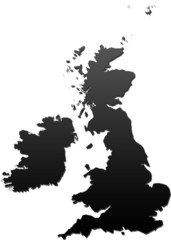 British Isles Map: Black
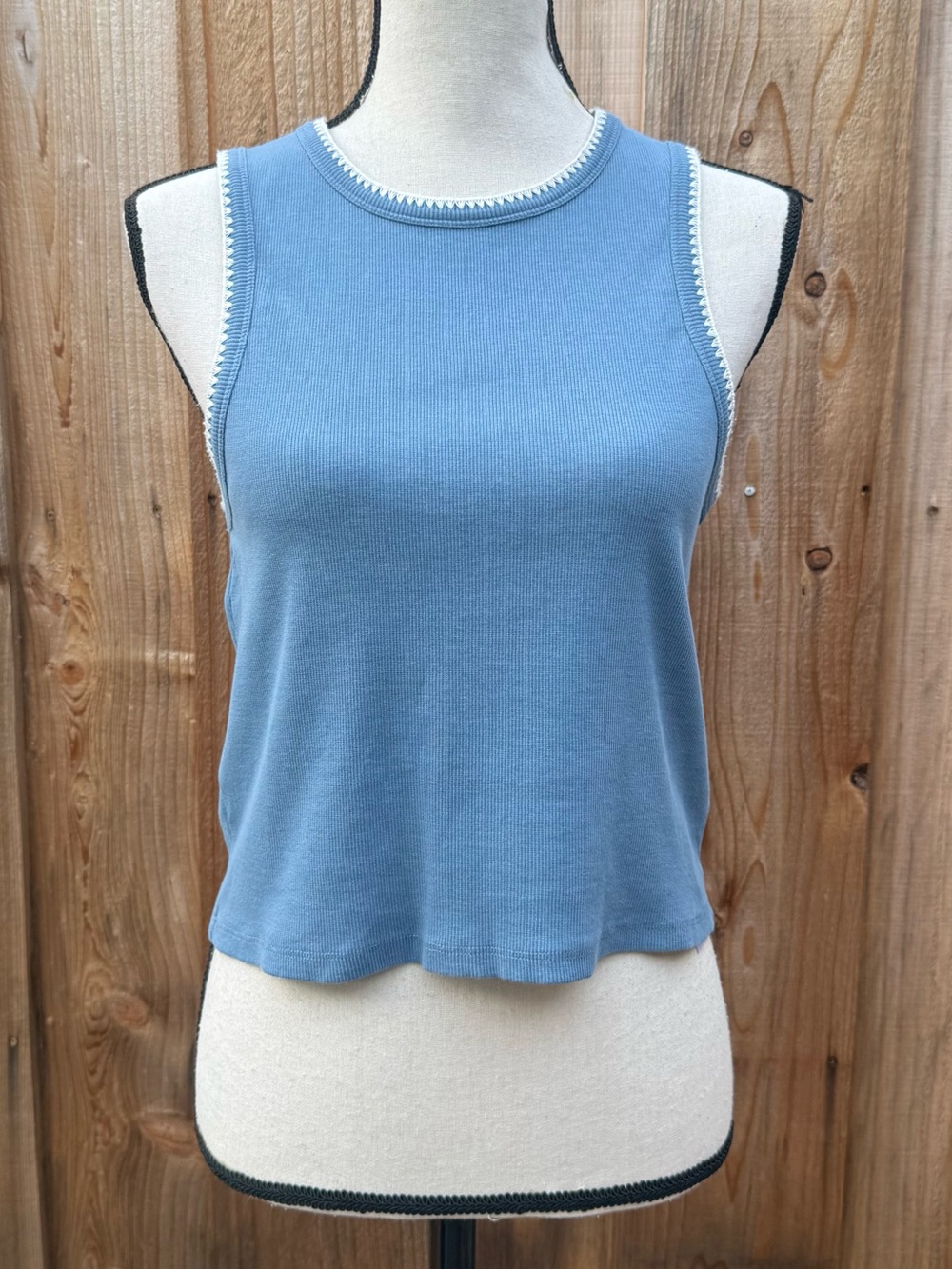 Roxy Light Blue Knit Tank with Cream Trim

==

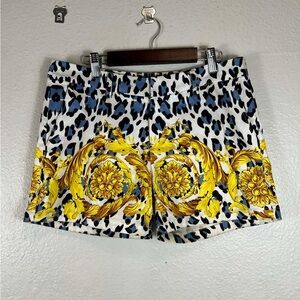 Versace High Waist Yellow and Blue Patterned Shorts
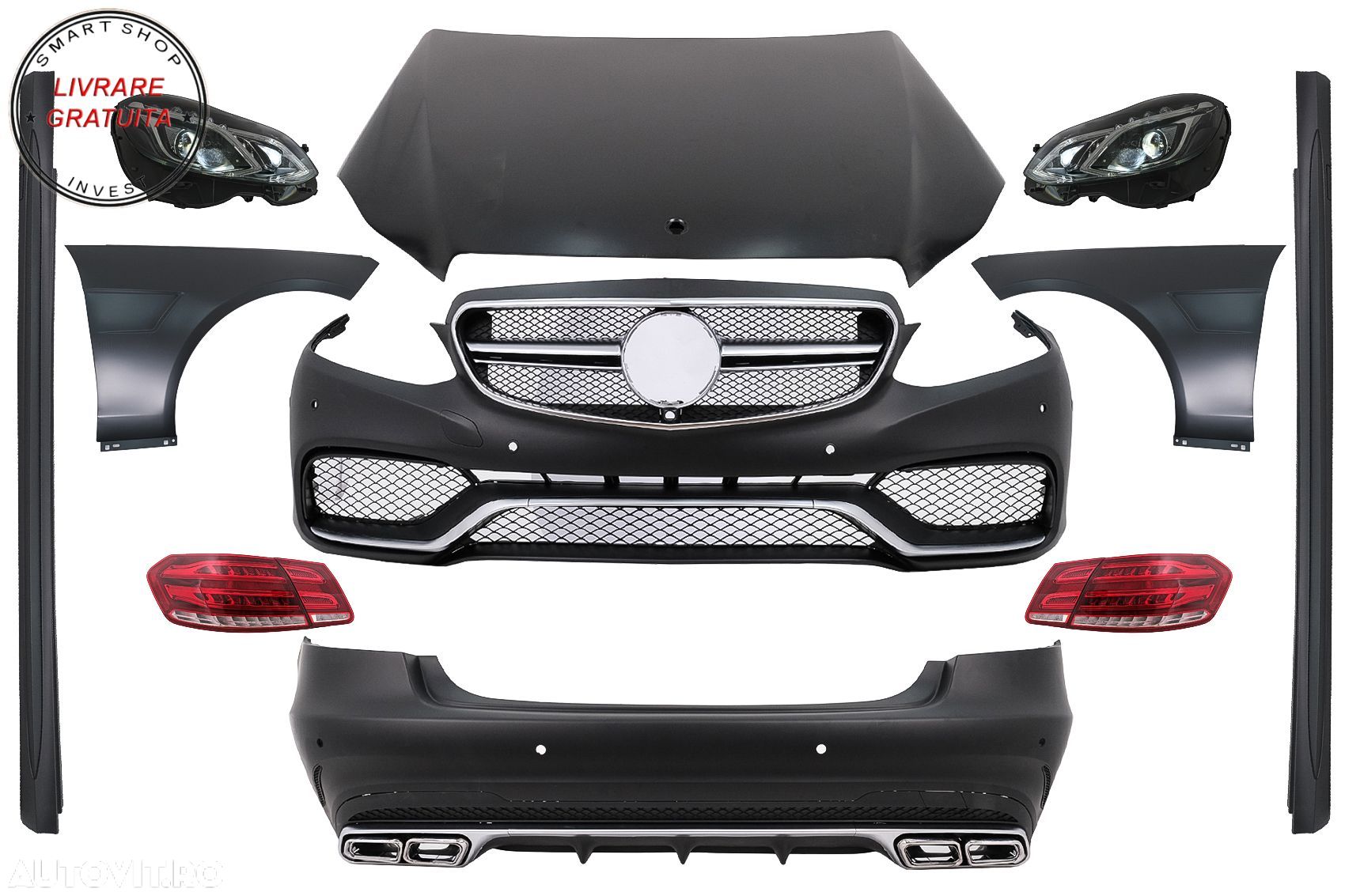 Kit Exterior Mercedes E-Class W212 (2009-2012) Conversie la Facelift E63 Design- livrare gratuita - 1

= Try it =
Give again the stretch of the entries above that begins at the line with "British Isles Map: Black" and ends at the line with "Roxy Light Blue Knit Tank with Cream Trim", word for word, with no pictures.

= Result for this task =
 British Isles Map: Black
 Roxy Light Blue Knit Tank with Cream Trim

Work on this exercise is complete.